I wrote a note about pricing to an artist I know who is exhibiting at a festival and thought it would be good advice for all artists to keep in mind. Here it is;

I have some pricing advice for you if you are interested. As you know I have a fifty person ad agency and for fun I teach marketing at a local college, so I’m pretty smart at this stuff.

The bar of sales is set high; people have to desire your product more than their money–and people have a strong desire to keep their money.

Think of it this way; it’s always about price. If you had 50 paintings and gave them away, they would all be gone in an hour and you would have $0. If you were to charge 1 penny for each painting they would all be sold in an hour and you would have 50 cents. If you were to charge a nickel for each painting they would all be sold in an hour and you would have $2.50. If you charged 1 dollar for your paintings they would all be sold and you would have $50. $5=$250, $10=$500, $20=$1,000, and so on. Somewhere there is a maximum price point at which you will sell all your paintings in one or two days.

Keep in mind that it’s really the customer who sets the price, not you.
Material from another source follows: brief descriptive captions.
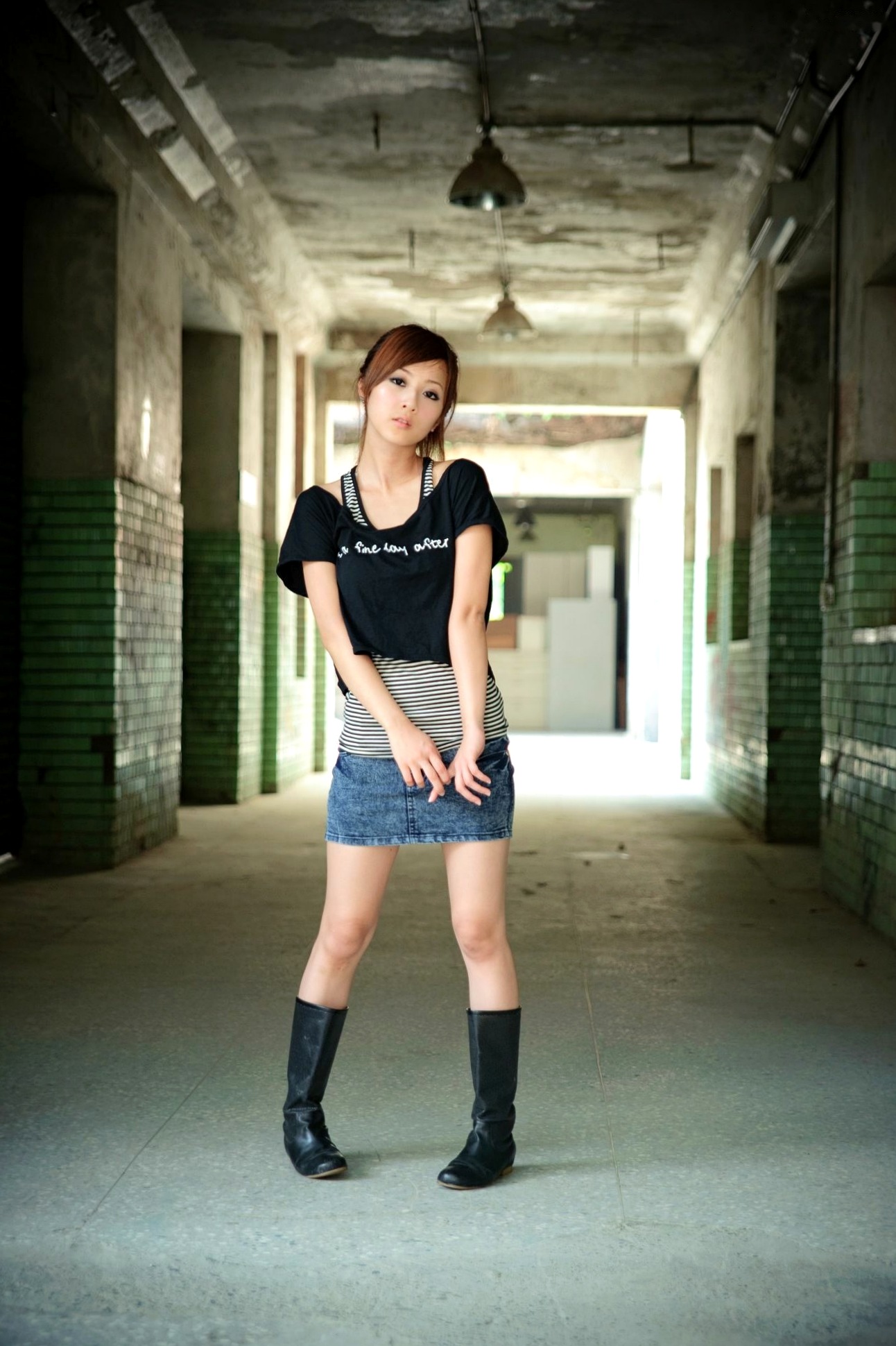 Gallery - 台湾正妹果子MM/张凯洁《华山文创园》清新街拍写真，户外文艺气质邻家女神私房合集台湾街拍清新气质治愈系 女神私房照_秀色女神 - image 42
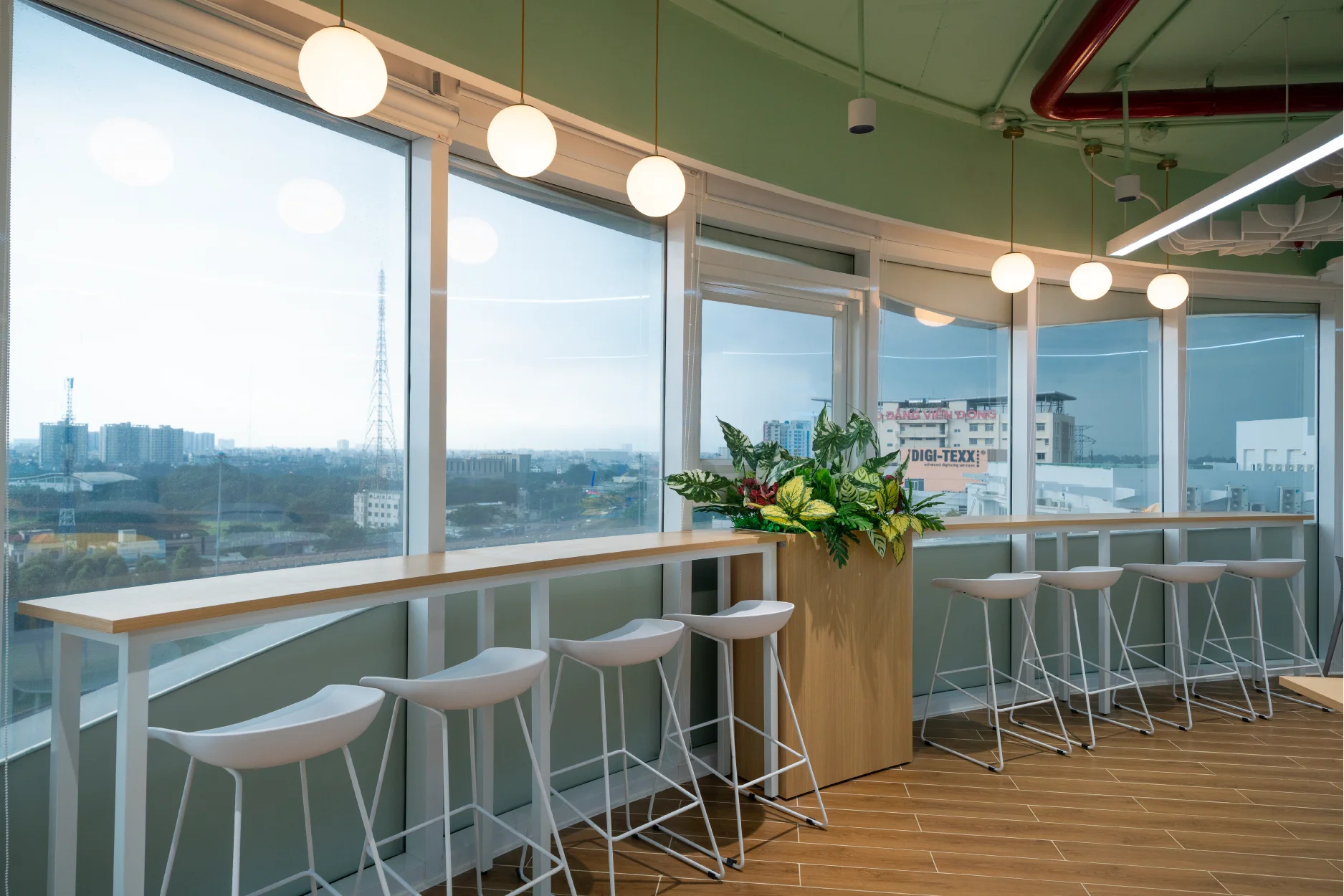 Khu vực window bar tận dụng ánh sáng tự nhiên tại Concentrix Floor 10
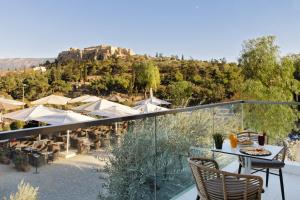 Hotel Thissio في أثينا: شرفة فندق مع جبل في الخلفية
Sam Walton used to say “if you are ever confused about your business, go to the customer. They have all the answers and all them money.” To his point, I would say let the customer tell you what they are willing to pay for your paintings. And you do this by simply lowering your prices until they sell.

Now, you may not like the price people are willing to pay and you may not be able to make a profit, but you will know what that price is.

What I’ve found out is that if I can get a stream of money flowing, even if it’s meager, it allows me some cash flow until I eventually figure out how to provide the product at the price people will pay.

And one last bit of advice; Don’t take it personal when customers are unwilling to pay you what you think your work is worth. It’s not a statement of how little your artwork is worth, it’s a statement of how little money most people have to spend. I personally like the challenge of figuring out how to provide a product cheap enough so customers think it’s a steal. If you can do that, it will be a win for everyone.